Lo que es ahora Ucrania fue una región disputada de fronteras cambiantes durante siglos que no quedó completamente bajo el dominio ruso hasta fines del siglo XVIII, durante el reinado de Catalina La Grande, y ni entonces el Imperio Ruso pudo absolverla fácil o completamente.

Es su esfuerzo por llevar a una Ucrania independiente y de corte occidental de nuevo a la órbita rusa, Putin está siguiendo un camino bien trazado por muchos de los gobernantes rusos que le antecedieron, desde Pedro El Grande a Josef Stalin.

Para Occidente, la cuestión es si puede limitar las ambiciones revanchistas de Putin mediante la diplomacia, las sanciones y la resistencia militar ucraniana.

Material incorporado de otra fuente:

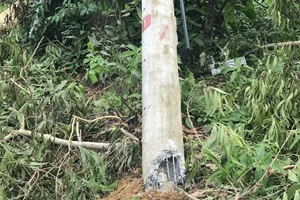 Điện lực Miền Trung nói về các cột điện bị gãy ở Huế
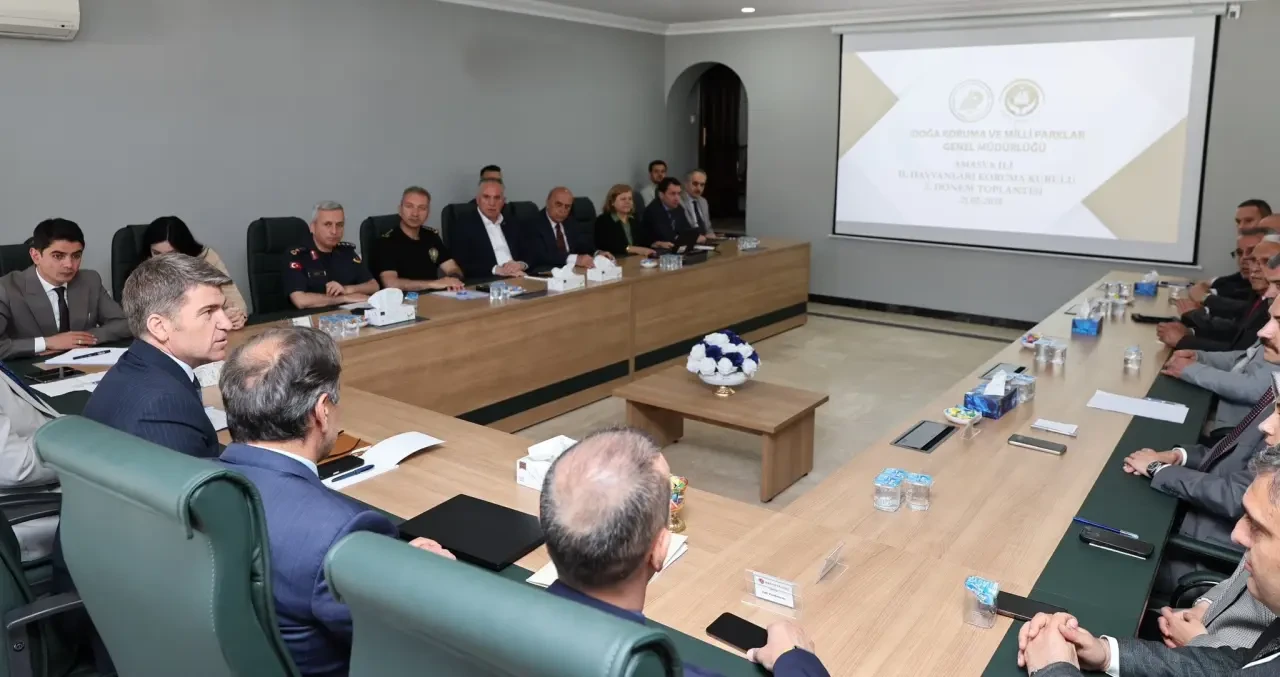 Amasya’da Sahipsiz Hayvanlar İçin Kurul Toplantısı Düzenlendi 2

El reconocimiento de dos regiones separatistas por parte de Putin y el envío de tropas rusas que ya amenazan al país podrían ser fácilmente el detonante de una guerra para el resto del país.

“Considero necesario tomar una decisión esperada desde hace tiempo: reconocer de inmediato la independencia y soberanía de la República Popular de Donetsk y de la República Popular de Luhansk”, dijo Putin en referencia a las dos zonas prorrusas de la región ucraniana de Donbás, que desde 2014 libran una guerra contra el gobierno de Kiev que se ha cobrado un aproximado de 14,000 vidas.

Todos los estados modernos, en especial en Europa, tienen a sus espaldas siglos de cambios fronterizos, y el empuje emocional del nacionalismo puede derivar en demandas, ultimátums y a menudo guerras por el territorio, el poder y la influencia.

En su discurso del lunes en la noche a la población rusa, Putin, a veces con un tono sombrío y otras enfadado, se mostró despectivo con la Ucrania actual señalando que su creación como Estado soberano fue una tragedia y un accidente de los líderes comunistas en el siglo XX.

Actuando como si Ucrania nunca hubiese existido históricamente hasta la época soviética, Putin culpó unas veces a Vladimir Lenin y otras a Stalin, y en un momento dado criticó la decisión de Nikita Kruschev de sacarle la península de Crimea a Rusia en 1954 y entregársela a Ucrania.

Como en todas las narraciones históricas, en las palabras de Putin había elementos de verdad. Los ucranianos y los rusos son pueblos eslavos orientales emparentados cuyos destinos se han entrelazado y separado a lo largo de la historia.

Oportuno olvido

Pero el mandatario prefirió centrarse en el momento de máximo dominio de Rusia sobre Ucrania, olvidando de forma oportuna que es una nación independiente reconocida por tratados internacionales y explícitamente por Moscú desde hace 30 años.

En su lugar, presentó a la Ucrania actual como un país corrupto y apenas funcional, un títere de Estados Unidos que amenaza la seguridad de Rusia y que, según su punto de vista, no tiene razón real para existir salvo si está unida a Rusia.